Every line from the start of the listing below through the line that contains "Embassy SET of" is to be reproduced word for word.

### Data
....

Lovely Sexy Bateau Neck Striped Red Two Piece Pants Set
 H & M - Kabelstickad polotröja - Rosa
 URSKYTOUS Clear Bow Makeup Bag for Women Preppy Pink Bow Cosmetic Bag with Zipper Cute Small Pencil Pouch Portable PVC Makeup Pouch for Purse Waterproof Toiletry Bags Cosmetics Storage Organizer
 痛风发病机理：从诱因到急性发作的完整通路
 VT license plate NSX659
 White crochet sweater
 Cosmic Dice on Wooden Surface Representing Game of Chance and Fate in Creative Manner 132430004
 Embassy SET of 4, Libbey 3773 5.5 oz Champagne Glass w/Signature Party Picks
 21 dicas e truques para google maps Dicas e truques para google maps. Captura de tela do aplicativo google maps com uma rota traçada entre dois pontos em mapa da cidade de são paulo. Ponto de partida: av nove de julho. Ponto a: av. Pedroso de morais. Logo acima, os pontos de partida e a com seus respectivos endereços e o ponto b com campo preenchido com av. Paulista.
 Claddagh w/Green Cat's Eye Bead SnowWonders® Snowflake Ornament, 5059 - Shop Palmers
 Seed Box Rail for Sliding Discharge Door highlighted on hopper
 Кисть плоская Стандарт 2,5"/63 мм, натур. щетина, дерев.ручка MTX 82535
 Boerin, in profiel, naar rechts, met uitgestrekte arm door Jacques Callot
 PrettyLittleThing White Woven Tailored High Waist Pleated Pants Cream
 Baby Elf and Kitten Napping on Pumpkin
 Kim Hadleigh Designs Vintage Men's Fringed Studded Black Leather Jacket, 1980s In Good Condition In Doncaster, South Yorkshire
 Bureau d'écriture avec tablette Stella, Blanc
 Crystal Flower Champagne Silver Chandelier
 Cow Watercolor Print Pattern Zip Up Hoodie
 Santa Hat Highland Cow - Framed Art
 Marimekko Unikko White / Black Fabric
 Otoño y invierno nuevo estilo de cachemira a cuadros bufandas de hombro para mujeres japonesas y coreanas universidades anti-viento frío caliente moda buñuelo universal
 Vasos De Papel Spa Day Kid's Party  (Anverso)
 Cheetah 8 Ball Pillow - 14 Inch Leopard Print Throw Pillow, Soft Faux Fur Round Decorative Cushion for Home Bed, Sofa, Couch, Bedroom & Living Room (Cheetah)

....

### Your response
Lovely Sexy Bateau Neck Striped Red Two Piece Pants Set
 H & M - Kabelstickad polotröja - Rosa
 URSKYTOUS Clear Bow Makeup Bag for Women Preppy Pink Bow Cosmetic Bag with Zipper Cute Small Pencil Pouch Portable PVC Makeup Pouch for Purse Waterproof Toiletry Bags Cosmetics Storage Organizer
 痛风发病机理：从诱因到急性发作的完整通路
 VT license plate NSX659
 White crochet sweater
 Cosmic Dice on Wooden Surface Representing Game of Chance and Fate in Creative Manner 132430004
 Embassy SET of 4, Libbey 3773 5.5 oz Champagne Glass w/Signature Party Picks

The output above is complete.